Purchasing investment property requires work but learning how to mortgage a rental is easy. Purchasing the right rental can bring in consistent passive income which in turns pays your mortgage. The keys to remember are the down payment, location and past rental history.
- Secure the mortgage by securing the down payment. When purchasing investment property, banks often require twenty and sometimes 25 percent down payment. Why? These loans are riskier for banks to offer and since it is not your primary residence, banks feel it is too easy to walk away from your investment. This is also why when you mortgage your rental you will pay a higher interest rate for that loan. What if you don’t have the twenty to 25 percent down payment to put down on your rental property? Fannie Mae offers a program for designated properties that allows investors to purchase these properties with only a three percent down payment and no PMI. PMI stands for private mortgage insurance and is usually an additional monthly fee required when the down payment falls below twenty percent. In addition, Fannie Mae lenders also offer a renovation mortgage which allows the investor the opportunity to restore the property with a secured mortgage. This can not only help you gain higher rental income but keep the property rented for long periods to come.

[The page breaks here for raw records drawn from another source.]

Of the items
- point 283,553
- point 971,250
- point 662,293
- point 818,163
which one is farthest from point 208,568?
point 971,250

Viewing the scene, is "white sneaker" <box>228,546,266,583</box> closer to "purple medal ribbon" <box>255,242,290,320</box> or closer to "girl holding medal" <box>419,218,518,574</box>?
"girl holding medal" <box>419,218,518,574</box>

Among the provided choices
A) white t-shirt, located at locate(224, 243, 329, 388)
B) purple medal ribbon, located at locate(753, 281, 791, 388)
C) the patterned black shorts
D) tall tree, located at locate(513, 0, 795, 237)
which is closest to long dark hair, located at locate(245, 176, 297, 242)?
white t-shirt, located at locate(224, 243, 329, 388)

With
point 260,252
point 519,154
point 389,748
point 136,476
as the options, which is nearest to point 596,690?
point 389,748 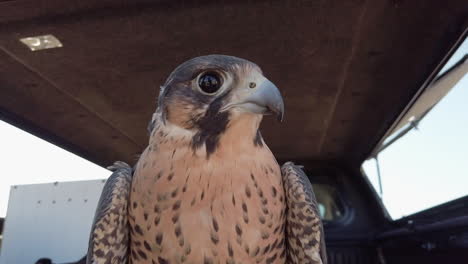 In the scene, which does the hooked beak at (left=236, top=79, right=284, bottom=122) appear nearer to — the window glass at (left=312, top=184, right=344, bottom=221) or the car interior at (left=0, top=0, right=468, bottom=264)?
the car interior at (left=0, top=0, right=468, bottom=264)

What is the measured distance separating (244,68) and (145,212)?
66cm

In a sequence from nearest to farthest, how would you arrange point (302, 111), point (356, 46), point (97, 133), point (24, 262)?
point (356, 46), point (302, 111), point (97, 133), point (24, 262)

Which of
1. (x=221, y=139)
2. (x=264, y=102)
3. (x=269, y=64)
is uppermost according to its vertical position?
(x=269, y=64)

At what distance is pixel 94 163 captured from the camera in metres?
4.70

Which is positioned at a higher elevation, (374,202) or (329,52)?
(329,52)

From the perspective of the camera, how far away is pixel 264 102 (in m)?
1.51

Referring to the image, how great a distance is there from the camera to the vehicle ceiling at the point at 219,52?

- Location is the key for rental. Before you search for a rental to mortgage, you have to focus on an area where renters are abundant. Sometimes simply looking at where most of the businesses are situated can offer a good start. Downtown areas offer many employment opportunities. If your rental is located close to a major corporation, this will ensure a higher occupancy rate and top dollar for your rental. Focusing on where the top schools are also helps obtaining rental prospects.
- Look at past rental history. When you are looking to mortgage a rental, look at the past rental history of the property. Any realtor should be able to provide you this information and banks also take this into consideration when qualifying you for the loan. Remember this is a rental, so don’t fall in love. The numbers have to make sense. A good rule of thumb is one percent of the purchase price should equal the monthly rental.
Securing a mortgage for a rental is a lucrative investment option, but you have to do your research. Remember, this is an investment and not your primary residence. As long as the numbers work, so will the rental.